Three) Jenna missed her skiing slot after 'the breakdown', the car that is, she's not in a mental asylum. She then had to pretend to be a boy and race in their category, partly                   successfully, partly not.

Clearly it was an overwhelming competitive success.

I often divert people to this video, where everyone looks awesome - apart from the rather foreboding girl on crutches at the beginning:

The last minute episode

Without knowing it, I was to partake in my own competition. 
There I was at the top, happily watching the last of the boarders on the big jump, when I saw lost friends walking up the edge of the dry ski slope - it was Rupert and co.  

At this point as I tried to attract their attention by waving, a dramatic moment took place. But it was no epiphany. 

It involved me competing in my very own bobsleigh run.

It had been raining all day, and alas, I had stepped forward on to a piece of particularly slippery material to the side of the slope. 

On my back, olympic styley, I shot past a friend quicker than Usain Bolt on a sledge. 

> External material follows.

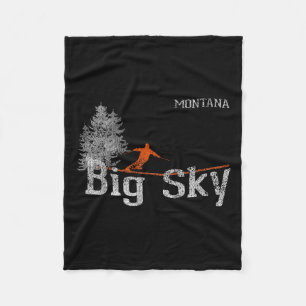 Stil der 80er Jahre Big Sky Montana Vintag Skiing  Fleecedecke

Passers-by were probably surprised that there was a new event at this years BUDS.
Others may have thought I had done this for a laugh.

I was doing neither.

The Next Day

I went to the campsite toilets and then strolled casually back to the mobile home- very normal.

Our temporary accommodation was not particularly tidy - a nuclear bomb had hit it in the night. But between my trip to the toilets and walking back a miraculous clean up had taken place.

The kitchen had also moved to the lounge. Strange.

I also had new mobile home roommate - 20 years older and five feet taller than Dave.

This, in-fact was not my mobile home. It was the last main episode of the trip.

Now back in my room, I'm still ill, with an orange segment in my mouth.